Countries that fall below this number are required to provide a framework for more enabling conditions for collective bargaining, develop action plans to promote collective bargaining and increase coverage.
Although the Directive does not set a specific deadline for adopting an action plan, the European Commission requires Member States with collective bargaining rates below 80% to develop an action plan “at the latest” by the end of 2025. ing.
Currently, the average coverage rate in the EU is just over 60%. But in Ireland, that number drops to just 34%.

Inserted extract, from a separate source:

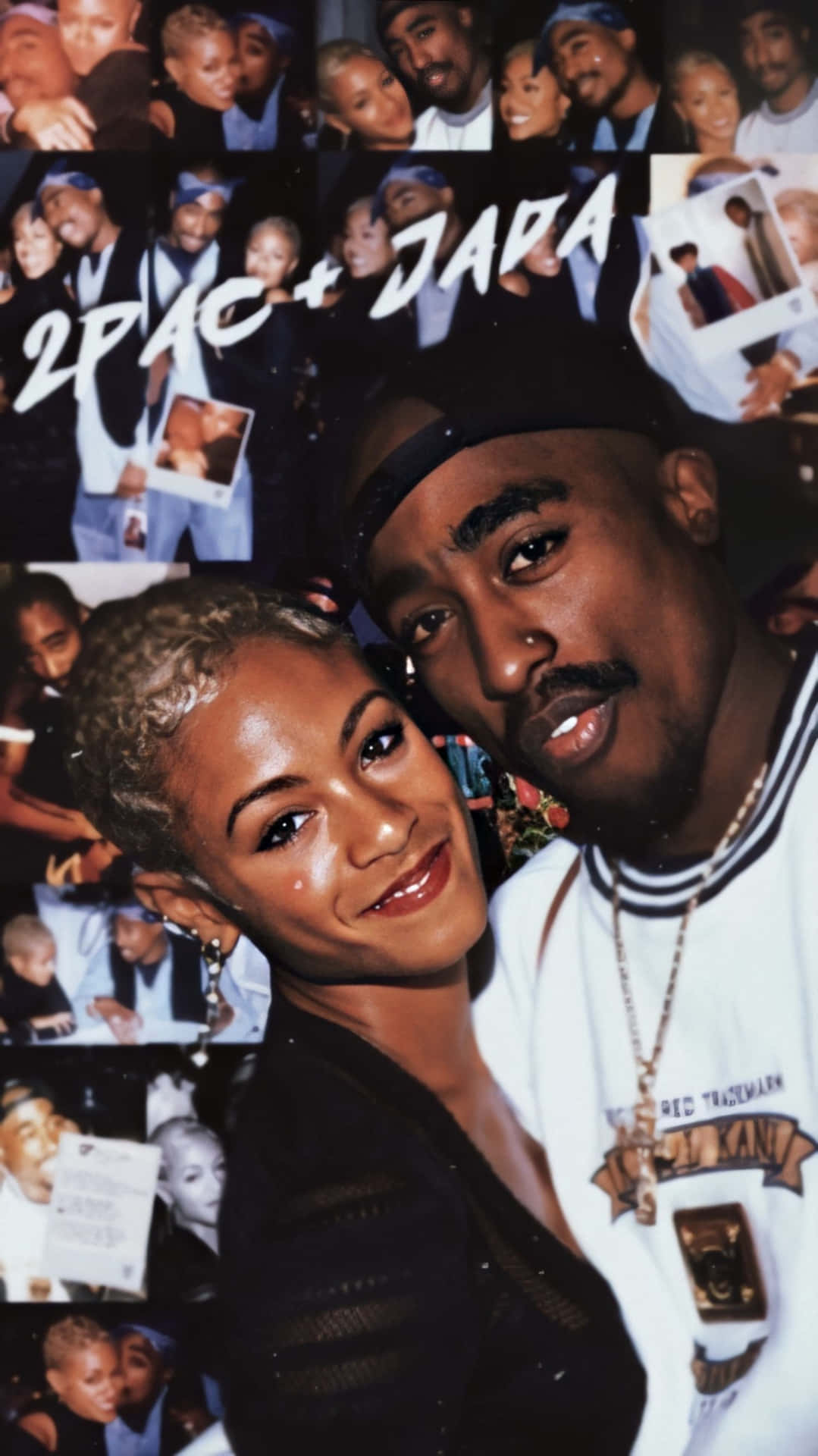 Collage Of Jada And Tupac Iphone Wallpaper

“The aim is to increase participation rates, to increase the proportion of workers covered by collective bargaining agreements, whether they are unionized or not,” Reidy said.
.“Another objective is to promote the right to collective bargaining. Technically we don’t have that in Ireland, but this is very ground-breaking.” As General Secretary Ikuto explains: If employees decide to bargain collectively within the Irish private sector, they have no legal right to do so.
“Employees have no right to collective bargaining unless they can convince their employers that it is best to join them through unionization or industrial strike action. In the 21st century, that’s just crazy. It’s the situation.
“It’s like a soccer match where one team sets the rules and hires the referee, and Ireland are the outlier in that situation.”
Just over a third of Irish employees belong to a trade union, but a survey conducted by researchers at University College Dublin found that 44% of non-union respondents favored forming a trade union. It turned out that he was willing to vote. Among young people, that number rises to 68%.
Under this proposal, employers would be able to bargain at the sector level, allowing unionized workers to enjoy the same benefits of collective action and, as Reidy explains, reducing the industry-wide The agreement would limit issues such as pay disparities, he said. It could be “radical and transformative” for the Irish economy.
“Employers and employees will form their own representative bodies to discuss agreements on wages, sick pay, holidays, etc. These will outline basic terms and conditions of employment that will be applied as minimum standards across the industry. indicate.”
“It takes wages away from competition and creates a level playing field. It also means employers and unions bargain for mutually beneficial agreements.”
So what does this mean for union members if the directive goes into effect? According to Reidy, the legislation, if signed into law later this year, will remove significant barriers and increase recognition. Further increasing the degree of membership will not only expand the scope of coverage but also further increase membership density.
“Until now, unions in the private sector have not technically had the right to exist, and their membership has been maintained in an environment entirely dictated by private employers.
“The union has performed extremely well in such a hostile environment. The fact that we continue to stand our ground in these circumstances is extremely important.”
“Properly replacing this directive will require a major cultural shift across all government departments, state agencies, and private businesses,” Reidy said.
“There is no room for vague bystanders. They have to care if we are to take this directive seriously.”